简体   繁体   English

从字符串中检测并提取 url?

[英]Detect and extract url from a string?

This is a easy question,but I just don't get it.这是一个简单的问题,但我就是不明白。 I want to detect url in a string and replace them with a shorten one.我想检测字符串中的 url 并将它们替换为缩短的。

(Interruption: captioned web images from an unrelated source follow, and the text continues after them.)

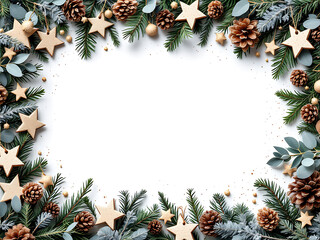 Minimal Christmas Corner Borders with Winter Botanical Decorations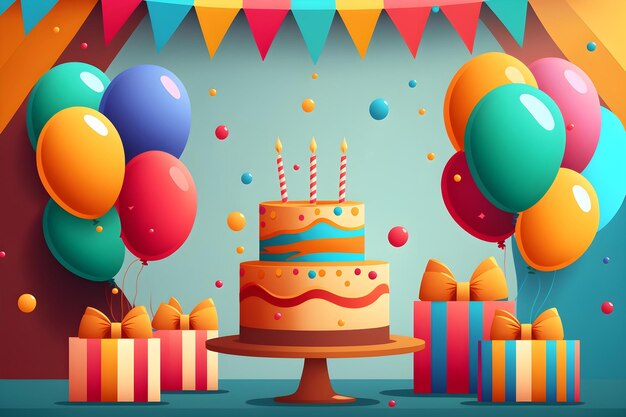 Illustrazione della festa di compleanno con torta e mongolfiere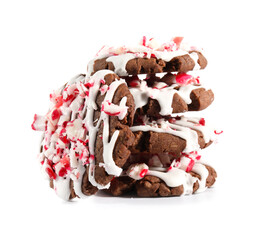Tasty candy cane cookies on white background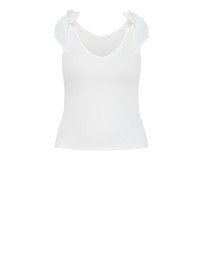 City Chic - Plus size Emma Bow Rib Tank - ivory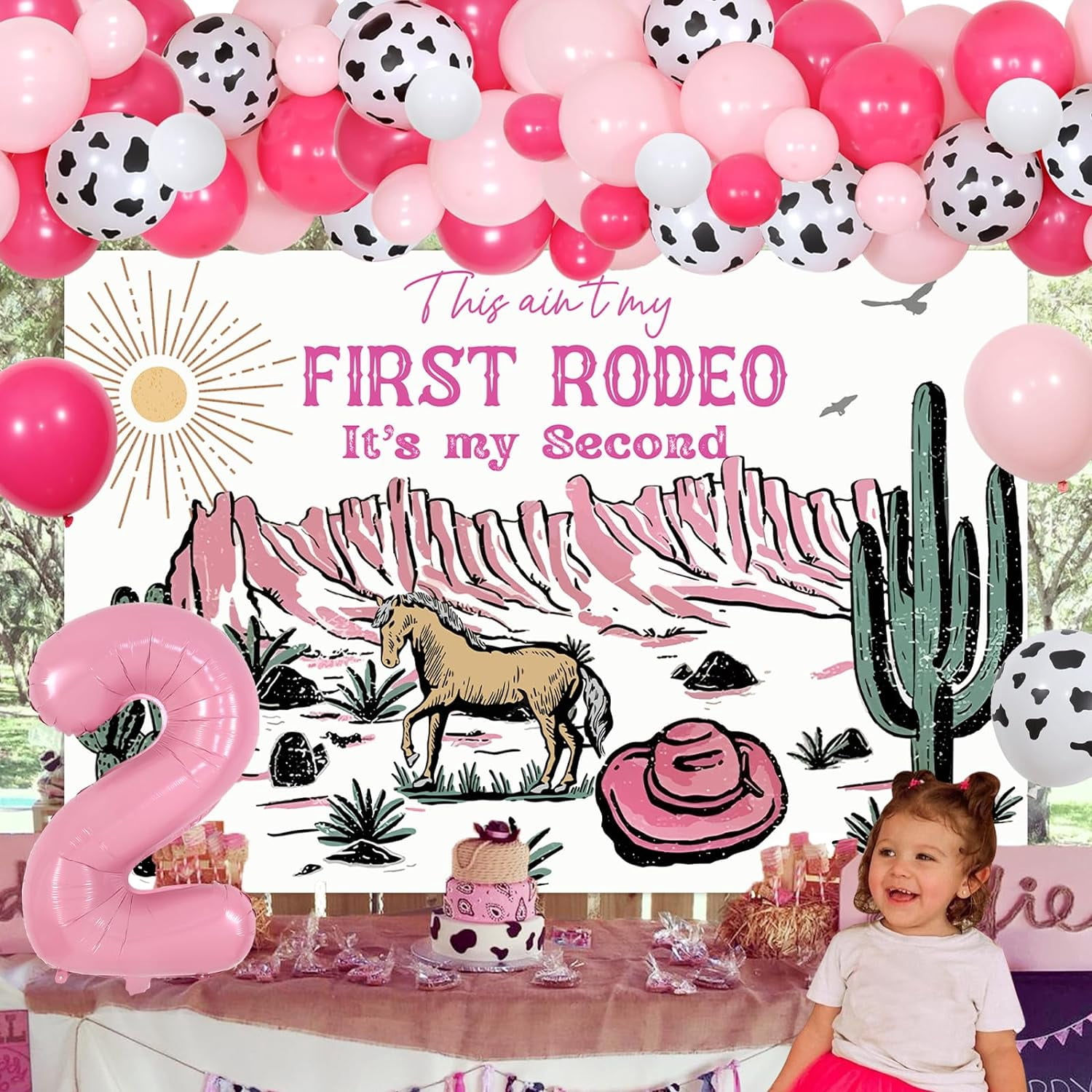 Cowgirl 2nd Birthday Decorations This ain't My First Rodeo Its My Second Backdrop Banner Pink Cow Balloon Arch Kit Number 2 Foil Balloon for Western Cowgirl 2nd Wild West Second Birthday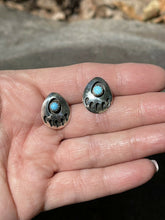 Load image into Gallery viewer, Navajo Sterling Silver And Turquoise Bear Paw Post Earrings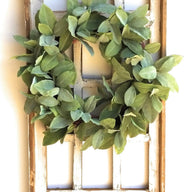 20" Frosted Green Bay Leaf Wreath Faux - Ranch Junkie Mercantile LLC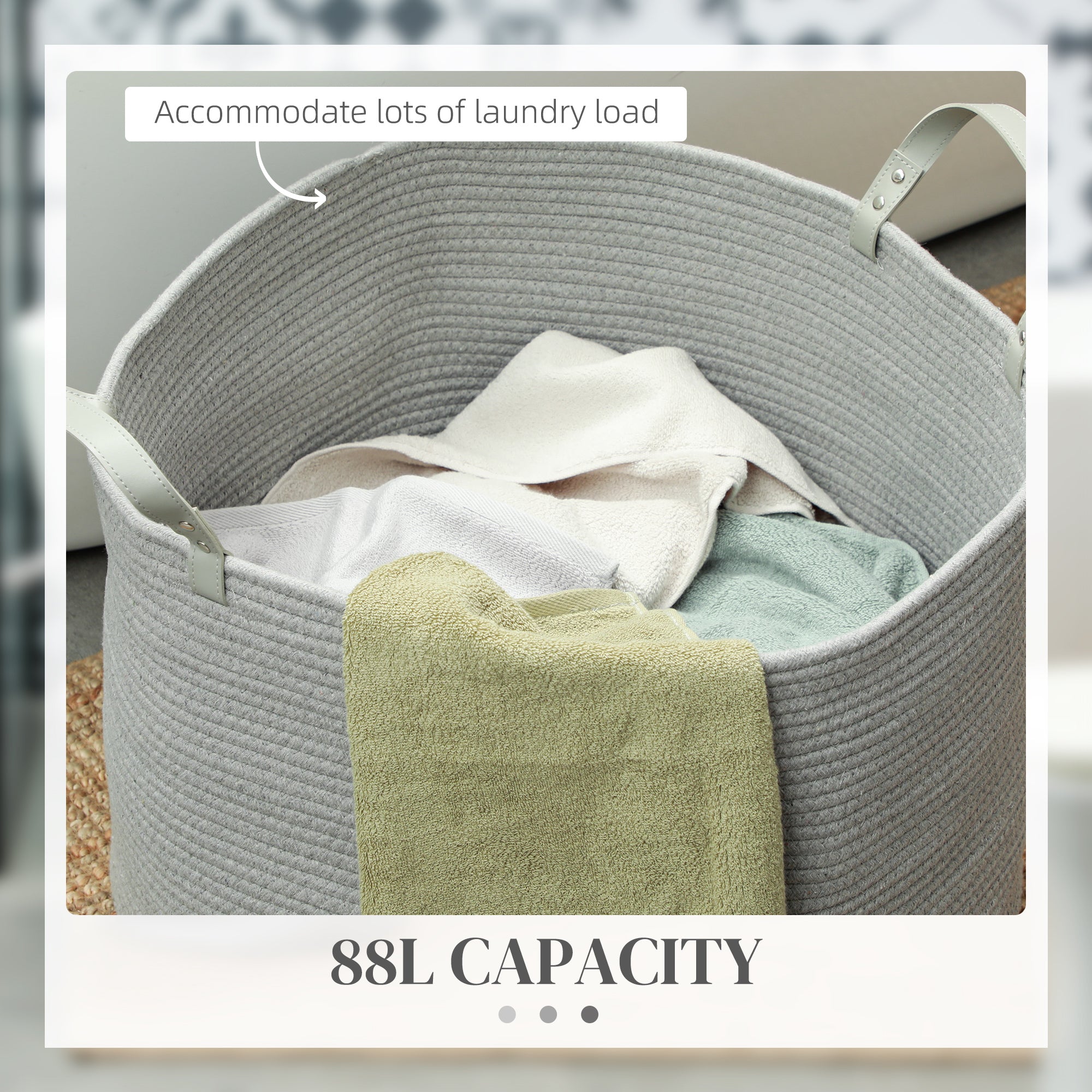 88L Cotton Rope Laundry Basket, with Handles - Grey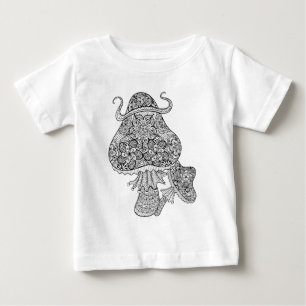 手描きの魔法のきのこの落書き ベビーTシャツ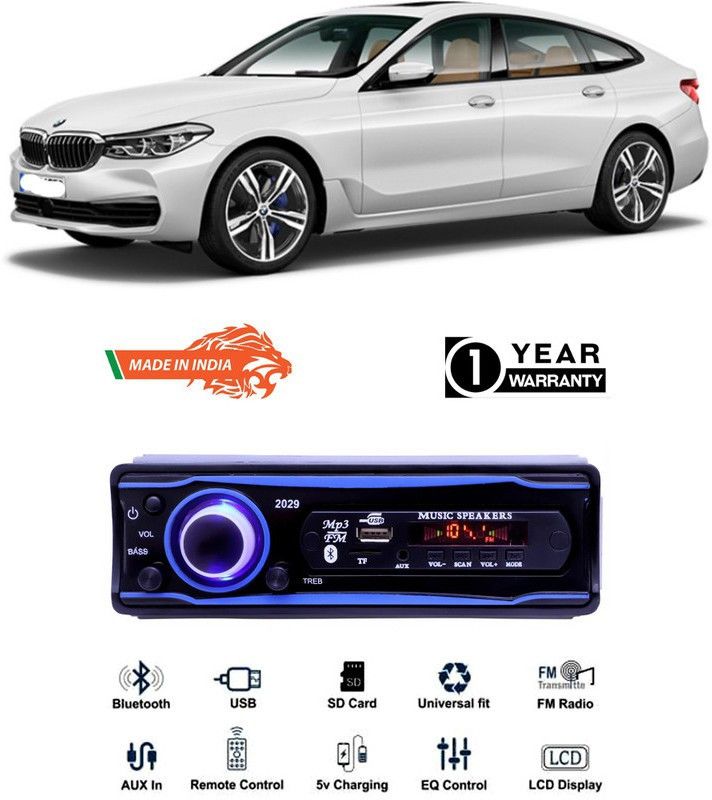 Bluedrum Blue 2029 USB/AUX/SD/BLUETOOTH/FM/MP3 BOOM MASTER STANDARD- B-D53 Car Stereo  (Single Din)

I found this expression from stackoverflow,But the result is just http我从stackoverflow找到了这个表达式,但结果只是http

Pattern p = Pattern.compile("\\b(https?|ftp|file)://[-a-zA-Z0-9+&@#/%?=~_|!:,.;]*[-a-zA-Z0-9+&@#/%=~_|]",Pattern.CASE_INSENSITIVE);
        Matcher m = p.matcher(str);
        boolean result = m.find();
        while (result) {
            for (int i = 1; i <= m.groupCount(); i++) {
                String url=m.group(i);
                str = str.replace(url, shorten(url));
            }
            result = m.find();
        }
        return html;

Is there any better idea?有什么更好的主意吗?

Let me go ahead and preface this by saying that I'm not a huge advocate of regex for complex cases.让我继续并在此之前说我不是复杂情况下正则表达式的大力倡导者。 Trying to write the perfect expression for something like this is very difficult.试图为这样的事情写出完美的表达是非常困难的。 That said , I do happen to have one for detecting URL's and it's backed by a 350 line unit test case class that passes.也就是说,我碰巧有一个用于检测 URL 的,它由一个通过的 350 行单元测试用例类支持。 Someone started with a simple regex and over the years we've grown the expression and test cases to handle the issues we've found.有人从一个简单的正则表达式开始,多年来我们增加了表达式和测试用例来处理我们发现的问题。 It's definitely not trivial:这绝对不是微不足道的:

// Pattern for recognizing a URL, based off RFC 3986
private static final Pattern urlPattern = Pattern.compile(
        "(?:^|[\\W])((ht|f)tp(s?):\\/\\/|www\\.)"
                + "(([\\w\\-]+\\.){1,}?([\\w\\-.~]+\\/?)*"
                + "[\\p{Alnum}.,%_=?&#\\-+()\\[\\]\\*$~@!:/{};']*)",
        Pattern.CASE_INSENSITIVE | Pattern.MULTILINE | Pattern.DOTALL);

Here's an example of using it:下面是一个使用它的例子:

Matcher matcher = urlPattern.matcher("foo bar http://example.com baz");
while (matcher.find()) {
    int matchStart = matcher.start(1);
    int matchEnd = matcher.end();
    // now you have the offsets of a URL match
}
/**
 * Returns a list with all links contained in the input
 */
public static List<String> extractUrls(String text)
{
    List<String> containedUrls = new ArrayList<String>();
    String urlRegex = "((https?|ftp|gopher|telnet|file):((//)|(\\\\))+[\\w\\d:#@%/;$()~_?\\+-=\\\\\\.&]*)";
    Pattern pattern = Pattern.compile(urlRegex, Pattern.CASE_INSENSITIVE);
    Matcher urlMatcher = pattern.matcher(text);

    while (urlMatcher.find())
    {
        containedUrls.add(text.substring(urlMatcher.start(0),
                urlMatcher.end(0)));
    }

    return containedUrls;
}

Example:例子:

List<String> extractedUrls = extractUrls("Welcome to https://stackoverflow.com/ and here is another link http://www.google.com/ \n which is a great search engine");

for (String url : extractedUrls)
{
    System.out.println(url);
}

Prints:印刷:

https://stackoverflow.com/
http://www.google.com/

m.group(1) gives you the first matching group, that is to say the first capturing parenthesis. m.group(1) 为您提供第一个匹配组,即第一个捕获括号。 Here it's (https?|ftp|file)这是(https?|ftp|file)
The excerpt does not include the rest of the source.